Most Pagan authors and teachers, even famous ones whose books you probably have on your shelf, teach individual classes and workshops at Pagan festivals and conferences. Often the workshops are included in the festival admission price, though some conferences charge separately for each workshop. As well, local stores and groups sponsor workshops and classes by visiting Big Name Pagans. Many workshops and classes include handouts, and sometimes even books, magical supplies and spell kits. There are annual Pagan festivals and conferences throughout Canada, the US and Britain, though I don't know of any one site that lists all of them. Any local Pagan or occult store or publication in your area will have information on upcoming festivals and workshops. While the cost and time to attend a festival can be daunting, the amount you can learn from even a few hours with a very knowledgeable teacher is worth it; one good class can revitalize your magical training and practice.

Here are some to look for:

Pantheacon: This is the big western US Pagan conference, held in February each year in San Jose, CA. The list of workshops and presentations reads like a Who's Who of Paganism and witchcraft.

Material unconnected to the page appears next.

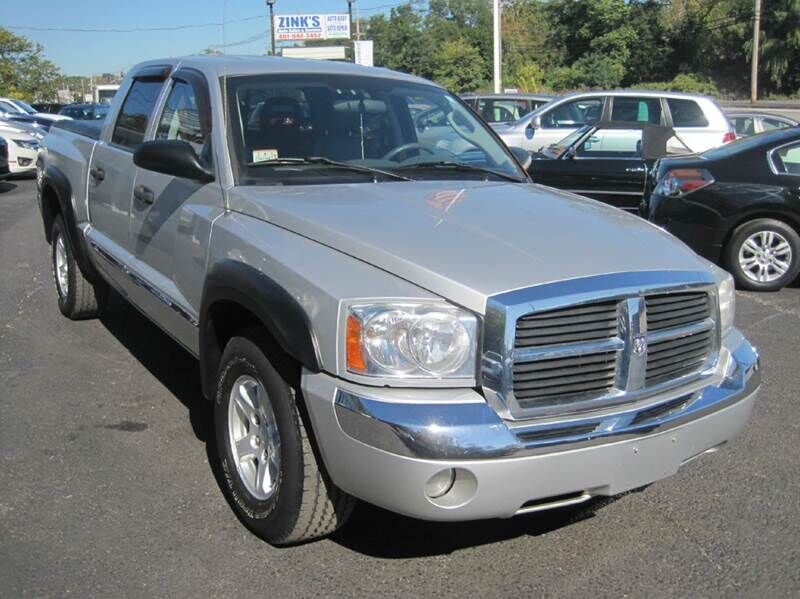 2007 DODGE Dakota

Starwood: It bills itself as "the largest Pagan/Magickal/Consciousness gathering in North America (perhaps the world)." Held annually each summer for 33 years, now each July in Ohio.

Gaia Gathering: The Canadian National Pagan Conference, held in a different host city each year on the May 24 long weekend. The 2013 conference is in Ottawa.

Sacred Space Conference: Held in March in the Washington D.C. area.

Traditional Folk Magic Festival: A relatively new conference on hoodoo, conjure and American folk magic, held in New Orleans in November. This year's festival will coincide with the Pagan Podkin Supermoot, an annual gathering of North American Pagan podcasters.

Wic-Can Fest / Harvestfest: Canada's oldest Pagan festivals, held annually in southern Ontario for 32 years. Wic-Can Fest is in mid June and Harvestfest on the Canadian Thanksgiving weekend.

Hoodoo and Rootwork Training Workshops: Sponsored by the Missionary Independent Spiritual Church and hosted by the Lucky Mojo Curio Shop in northern California each spring.

Druidcamp: Held every July in the Forest of Dean, England.

Pagan Pride Days:  There are Pagan Pride Days held in cities throughout North America every fall. And while their focus is more on music, rituals and fun than workshops and lectures, there are usually at least some classes, sometimes by big-name guests.

So don't let being "isolated" keep you from finding teachers and continuing to learn first-hand about magic and Paganism. Books and websites just aren't enough - you need to hear real voices too!

Monday, May 6, 2013

P is for Personalization (better late than never, right?)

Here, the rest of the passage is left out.